Na Noorwegen heb ik de HBO opleiding creatieve therapie gedaan.

‘Je opleidingstijd was in ieder geval niet saai.’

‘Nee, als je het zo op een rijtje zegt lijkt het wel of ik geen idee had wat ik wou, maar ik vind heel veel dingen leuk en ik kan gewoon niet kiezen. Dan wil ik alles doen wat ik leuk vind.’

Dat blijkt wel uit alles wat Alette na haar opleiding deed. Ze werkte een paar jaar als activiteitenbegeleider in de Stilen, deed een opleiding voor kindercoach, was persoonlijk begeleider, werkte voor ‘Het Reizende Koffertje’ (praktijk voor jeugdhulpverlening en creatieve therapie in Harlingen) en kreeg ondertussen ook nog drie kinderen, waar ze vaak alleen mee was, omdat haar man zeevarend is. Tot 2017 was ze werkzaam als therapeut / begeleider op het eiland, maar het feit dat je in een kleine gemeenschap woont waar iedereen elkaar kent en dat daardoor je werk vaak heel dichtbij komt, zorgde ervoor dat ze om zich heen ging kijken naar iets anders.

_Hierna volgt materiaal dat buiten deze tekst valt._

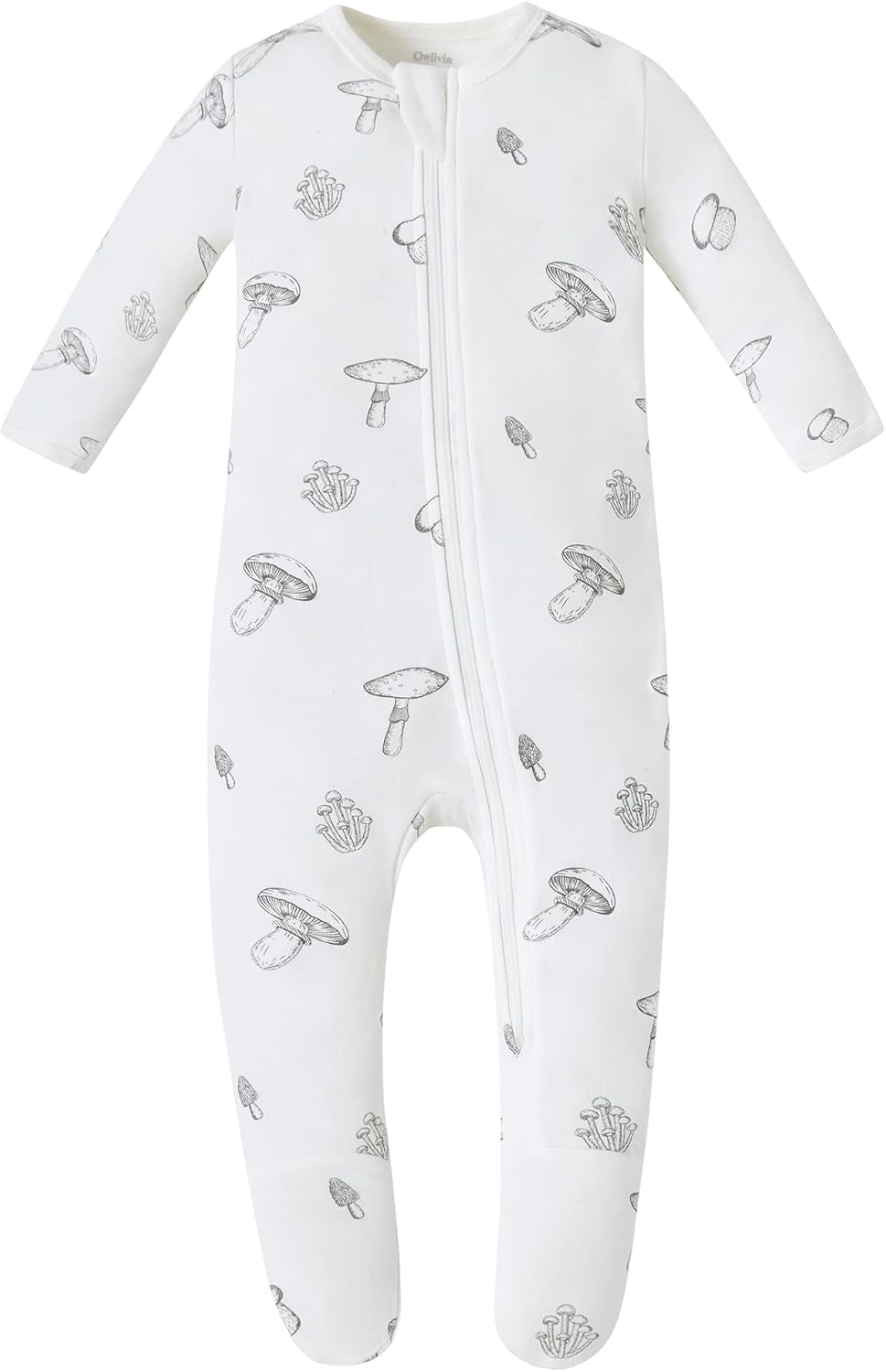 Baby Footed Pajamas 0-18M, Organic Cotton Zip Sleeper, Long Sleeve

‘Je wachtte af wat er op je pad kwam? Of had je al een idee wat je wou doen?’

‘Toen ik een keer in het museum was dacht ik: ‘Je zal hier maar mogen werken!’ En toen kwam er een vacature en ik kreeg de baan.
 

‘Wat is je taak hier precies?’


‘Ik houd me bezig met het bedenken en realiseren van de exposities en tentoonstellingen, het documenteren en digitaliseren van de bibliotheek en het historisch centrum, ik maak de werkroosters en ik ben de eerste contactpersoon voor de vrijwilligers. Daarnaast doe ik ook nog een stukje educatie en natuurlijk ook baliewerk.’

‘Ik hoef je eigenlijk niet te vragen wat je favoriete ruimte in het museum is, want dat heb je al eens gezegd..’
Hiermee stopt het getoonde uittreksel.